You Know Me Al: A
Busher’s Letters – Ring Lardner
This classic of American humor features our old pal, the
unreliable narrator. Each chapter is a bundle of letters to the hometown friend
Al, written by Jack Keefe, a pitcher for the Chicago White Sox in the years
just before the US entry into World War I.
FRIEND AL: Coming out of
Amarillo last night I and Lord and Weaver was sitting at a table in the dining
car with a old lady. None of us was talking to her but she looked me over
pretty careful and seemed to kind of like my looks. Finally she says Are you
boys with some football club? Lord nor Weaver didn't say nothing so I thought
it was up to me and I says No mam this is the Chicago White Sox Ball Club. She
says I knew you were athaletes. I says Yes I guess you could spot us for
athaletes. She says Yes indeed and specially you. You certainly look healthy. I
says You ought to see me stripped. I didn't see nothing funny about that but I
thought Lord and Weaver would die laughing. Lord had to get up and leave the
table and he told everybody what I said.
No, Jack, clueless as he is, wouldn’t see anything funny
about that. He has skill as pitcher but is too lazy and arrogant to practice
and learn. A shameless braggart, he inflates his accomplishments. He is the
worst teammate in the world.
This should ought to of gave me
a record of 16 wins and 0 defeats because the only games I lost was throwed
away behind me but instead of that my record is 10 games win and 6 defeats and
that don't include the games I finished up and helped the other boys win which
is about 6 more alltogether but what do I care about my record Al? because I am
not the kind of man that is allways thinking about there record and playing for
there record while I am satisfied if I give the club the best I got and if I
win all O.K. And if I lose who's fault is it. Not mine Al.

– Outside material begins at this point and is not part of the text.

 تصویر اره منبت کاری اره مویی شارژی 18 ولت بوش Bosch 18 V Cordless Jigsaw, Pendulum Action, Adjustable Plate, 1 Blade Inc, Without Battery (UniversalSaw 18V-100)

Jack has a pathetic need for admiration. So susceptible
to flattery, he is easily suckered by owners, managers, and husband hunters who
all soft-soap him in order to manipulate him. He is hypersensitive to criticism
and envious to the bone. He uses chicanery, exploits others’ emotions and weaknesses, walks
away from debts like a skinflint, and lacks any sense of business or ethics. Don’t
forget gullible, as managers try to persuade him to go on a round the world
exhibition trip.
While we was still in that there
Medford yesterday Mcgraw and Callahan come up to me and says was they not no
chance of me changeing my mind a bout makeing the hole trip. I says No they was
not. Then Callahan says Well I dont know what we are going to do then and I says
Why and he says Comiskey just got a letter from president Wilson the President
of the united states and in the letter president Wilson says he had got an
other letter from the king of Japan who says that they would not stand for the
White Sox and giants comeing to Japan un less they brought all there stars a
long and president Wilson says they would have to take there stars a long
because he was a scared if they did not take there stars a long Japan would get
mad at the united states and start a war and then where would we be at. So
Comiskey wired a telegram to president Wilson and says Mathewson could not make
the trip because he was so old but would everything be all O.K. if I was to go
a long and president Wilson wired a telegram back and says Yes he had been
talking to the priest from Japan and he says Yes it would be all O.K.
Indeed, Jack’s lack of character and competence reminds
us post-moderns of somebody and our own wacky reality. The consummate American
con-artist’s first mark is always his own self.
My vague impression is that the writer had more sympathy for team owners
than players. So Lardner was inclined to paint baseball players in less than heroic
colors and thus indirectly caution us fans from idolizing lugs and lummoxes,
the ancestors of guys who take gas
station boner pills.
Moral advice aside, the stories are very funny but we
should read them spaced out over weeks just like the first readers read them as
they were serialized in the Saturday
Evening Post during the Golden Age of Weekly Magazine Fiction. As a classic
epistolary story and American colloquial speech, this book can be found at Gutenberg and Libravox.